The speaker giveth, and the speaker taketh away.
House Speaker Nancy Pelosi has revoked Vice President Mike Pence's office space in the House. https://t.co/xDFfSSnGXL
— NPR Politics (@nprpolitics) March 12, 2019
VP is president of & has office space in the Senate. Paul Ryan broke protocol, gave Pence space in the House of Representatives – which he never should have had – and, Nancy Pelosi is returning the House back to the American people; not lobbyists & corporate America. Understand?
— Mary (@mryfrtsn) March 13, 2019
“Did Hillary inspire many women to run? Absolutely,” says political strategist Maria Cardona, adding, “I think the anger and fear of what we’re becoming after Trump really lit a fire in women’s bellies.” https://t.co/UHJTjDdKpb
— Connie Schultz (@ConnieSchultz) March 12, 2019
… A record number of women ran — and won — in the 2018 midterms, and the same dynamics that led to this boost could be contributing to the increase in women presidential candidates as well.
Clinton, the first woman to secure a major-party nomination for the presidency, carved out a path that other women could follow. Research has found that women in leadership positions can serve as key role models for younger women in their field, and help improve their performance. Additionally, one person’s efforts to break a barrier can make a position seem more accessible to others in the future.
“I think that Hillary did help, but also I think the victories in 2018 helped. It proved that women can mobilize women voters,” says Democratic pollster Celinda Lake, who runs Lake Research Partners…

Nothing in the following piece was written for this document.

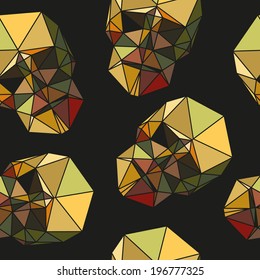 Skulls seamless pattern backgrounds, vector illustration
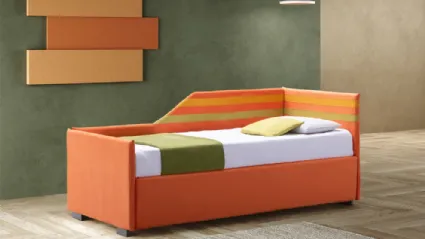Letto singolo Arcobaleno con letto estraibile di Stilfar Italia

The surge in Democratic women candidates can also be attributed, in part, to longtime investments the party has made in building a bench.
“The filling of the pipeline was a 35-year project or longer,” says Lake, who adds that Barbara Mikulski, one of the first women to join the Senate, used to joke that she was a 30-year overnight success. Emily’s List, one of the organizations that have led recruitment for women and training for women candidates, most recently heard from more than 42,000 women interested in running during the 2018 midterms…
Another ‘Hillary Effect’, IMO, is that women considering running for office could see what happened after the Worst Possible Outcome. Clinton was abused, threatened, sneered at — she had her popular-vote win stolen by Republican traitors and their foreign purchasers — and she went right on with her work. She’s not happy about what happened, but she’s still publicly modeling a good and happy life. The nuns used to tell us: Half of courage is knowing what you’re attempting has been done before. Sometimes failure is an option… but, if you work hard, you can still return safely to Earth.